─── INPUT FOR THIS TASK

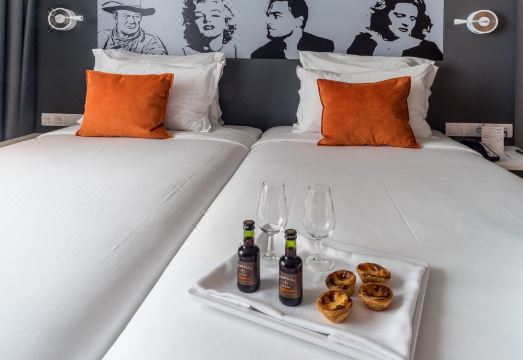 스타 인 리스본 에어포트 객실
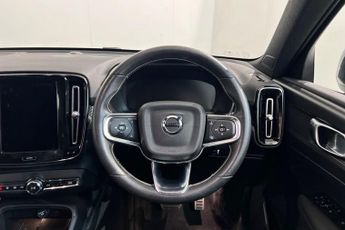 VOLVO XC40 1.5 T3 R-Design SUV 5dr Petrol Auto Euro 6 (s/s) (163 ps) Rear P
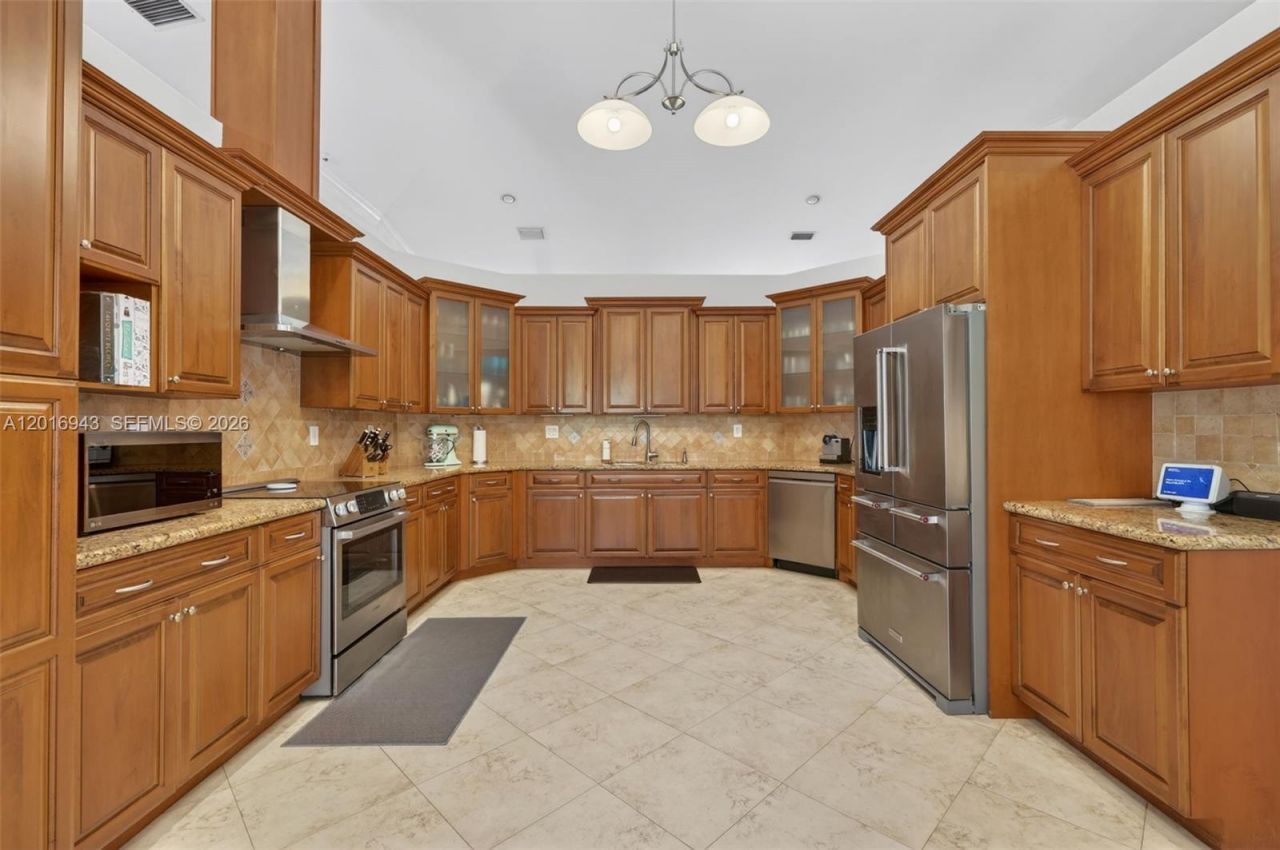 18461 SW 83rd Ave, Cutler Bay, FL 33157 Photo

──────
─── INPUT FOR THIS TASK

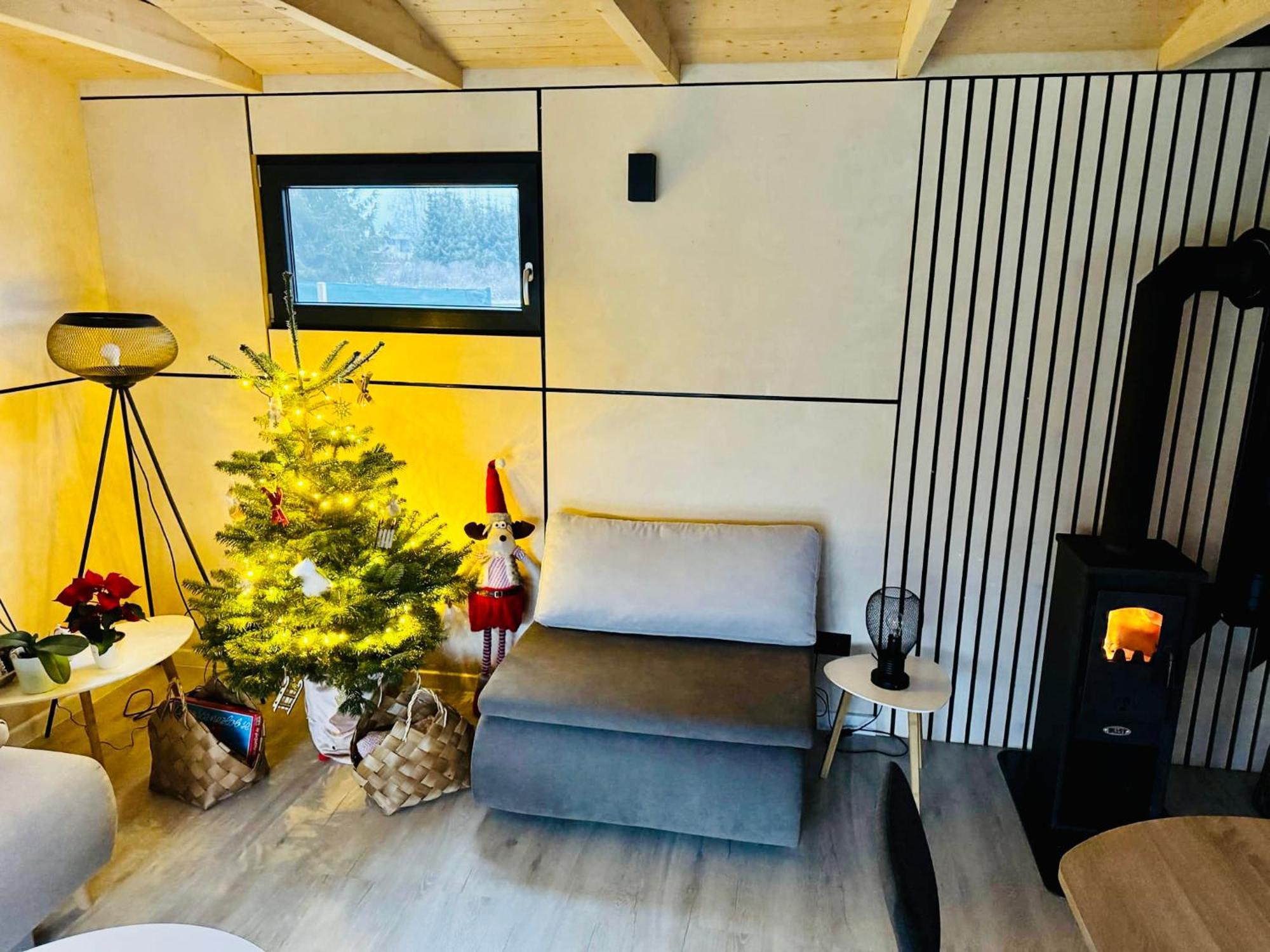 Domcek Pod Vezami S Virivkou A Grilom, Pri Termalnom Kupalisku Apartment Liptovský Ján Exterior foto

──────
─── INPUT FOR THIS TASK

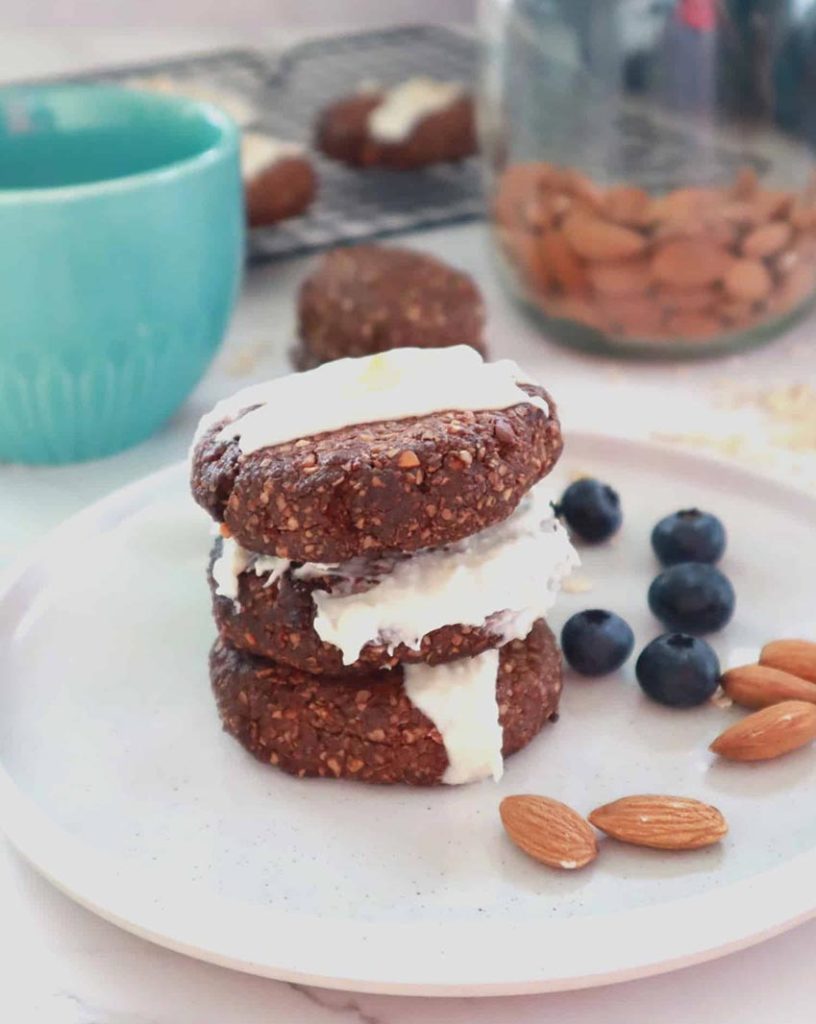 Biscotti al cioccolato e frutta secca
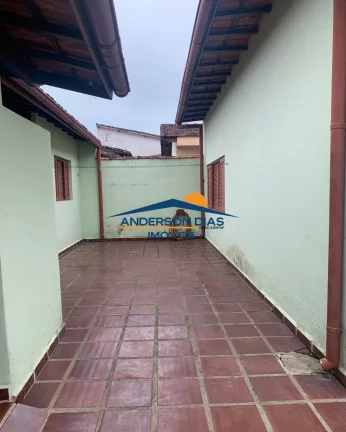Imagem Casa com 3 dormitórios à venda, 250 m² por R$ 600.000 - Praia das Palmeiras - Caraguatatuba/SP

──────

## WHAT THE EXERCISE ASKS
In the records above, find the line with "스타 인 리스본 에어포트 객실" and the line with "18461 SW 83rd", then restate word for word only those two lines and all lines between, omitting pictures.

## COMPLETED TASK
 스타 인 리스본 에어포트 객실
 VOLVO XC40 1.5 T3 R-Design SUV 5dr Petrol Auto Euro 6 (s/s) (163 ps) Rear P
 18461 SW 83rd Ave, Cutler Bay, FL 33157 Photo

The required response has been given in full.